Ten years ago this week, America first celebrated National Voter Registration Day. Last year the rate of voter registration doubled on this day, as community partners across the nation helped eligible voters ensure their names appeared on the voting rolls.
Throughout history, the right to vote has been hard-won. Since the days when only white men with property could vote, patriotic Americans have worked hard to expand the franchise. Their efforts have yielded more diverse perspectives in our governments and institutions.
As a member of the Senate Committee on Elections, Election Process Reform and Ethics, I care deeply about access to voting rights. Every American deserves the chance to have their voice heard, and it is my goal to make sure as many eligible voters in Senate District 31 and the state of Wisconsin can vote as possible.
This past session, my colleagues and I introduced legislation to make it easier for students to register to vote in high school. These bills would have put voter registration forms and nonpartisan voting resources in the hands of young adults at school.

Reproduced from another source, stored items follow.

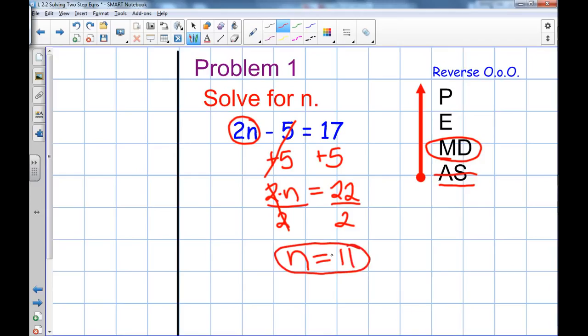And there's my solution. Notice that it's n equals eleven, not just eleven. You start with an equation, you solve, and you end with an equation.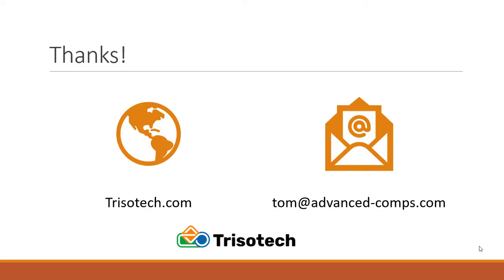Thanks for watching my video. I hope you found it useful. My email is Tom at advancedcomps.com. And of course, you can reach TrisoTech at trisotech.com. Have a great day.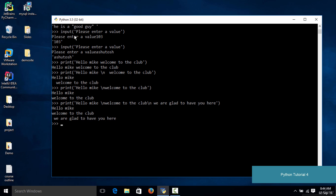Saving the input is quite simple and won't take much time, but it was just to make you understand the significance of the input function and how it can be used to grab a value from the user. We also learned about the new line. If you already know languages like C or C++, you probably knew this already, but this was for those who were unaware. That's it for this lecture — I'll see you in the next one. Thank you.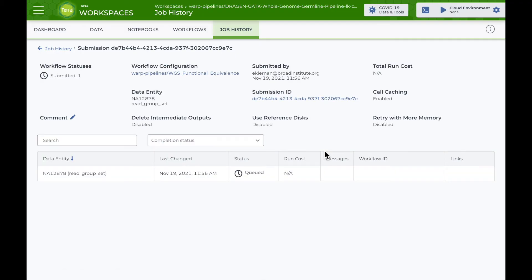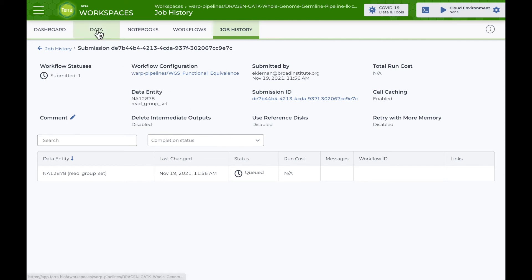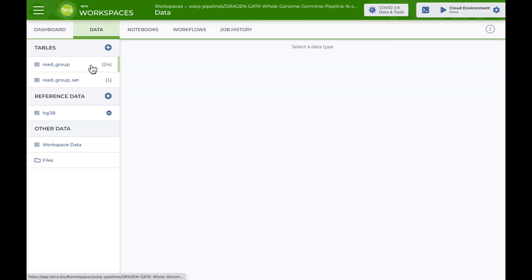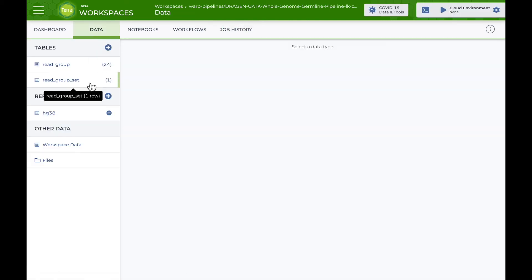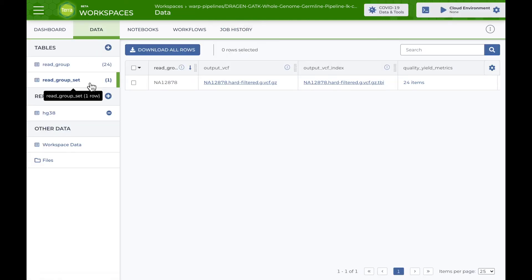I'm taken to the job history page where I can monitor the status of the run. After the workflow completes, the resulting outputs, like the VCF containing initial variant calls, are written back to the read group set table.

Engaging our youth in the electoral process early boosts voter participation and engagement. High school students who are taught about registering to vote and encouraged to do so by teachers go on to vote at significantly higher rates than those who are not. Being taught about voter registration and the right to vote increases the likelihood that young people will become engaged in the political process, from registering others to pursuing political advocacy of their own.
Our last presidential election boasted the highest-ever turnout in the history of our nation. Unfortunately, debunked voter fraud allegations continue to erode the confidence in our election system. These tactics are not new. Measures like gerrymandering and voter ID laws have been tools used by the unscrupulous to dissuade voter turnout resulting in a certain political outcome.
America’s strength lies in its diversity. When the electorate includes varied perspectives, we all benefit. In the State Senate, I will continue to ensure all eligible Wisconsinites have access to the ballot box.
While Wisconsin does have same-day registration, I want to encourage you to register to vote ahead of time. This safeguards your access to the ballot and ensures that your vote will be deemed valid and counted.
To find out if you are registered or to register online, please visit https://myvote.wi.gov/en-us/Register-To-Vote. This page will also help you get in touch with your local municipal clerk, who can answer questions about voting in your community.
The easiest and quickest way to register is online. In order to use Wisconsin’s online portal, you must have a valid and unexpired Wisconsin driver’s license or state ID card. Please note that in order for your application to be accepted, your name and address must match the name and address on file with the Department of Motor Vehicles.
If you do not have a current Wisconsin driver’s license or ID card, you may complete the voter registration form and mail it or deliver it, along with proof of residency, to your municipal clerk’s office by the Friday before the election. You may also bring it with you to your polling place on Election Day.
If you need to update your name or your residential address, you may do that online at https://myvote.wi.gov/en-us/Update-My-Name-or-Address. Voters can register to vote before Election Day by mailing their voter registration form or complete the process online prior to October 19th, but voters can still register in-person at the polls until 8pm on Election Day.
Wisconsin voters can cast their ballot early in-person, or request that a ballot be mailed to them. To see the options in your community, please visit https://myvote.wi.gov/en-us/Vote-Absentee-In-Person. Registered voters may request a mailed absentee ballot until November 3rd. Voters may request an absentee ballot for any reason in Wisconsin. Voting early and making sure you are registered to vote gives you peace of mind and checks one more thing off your to-do list for November 8th.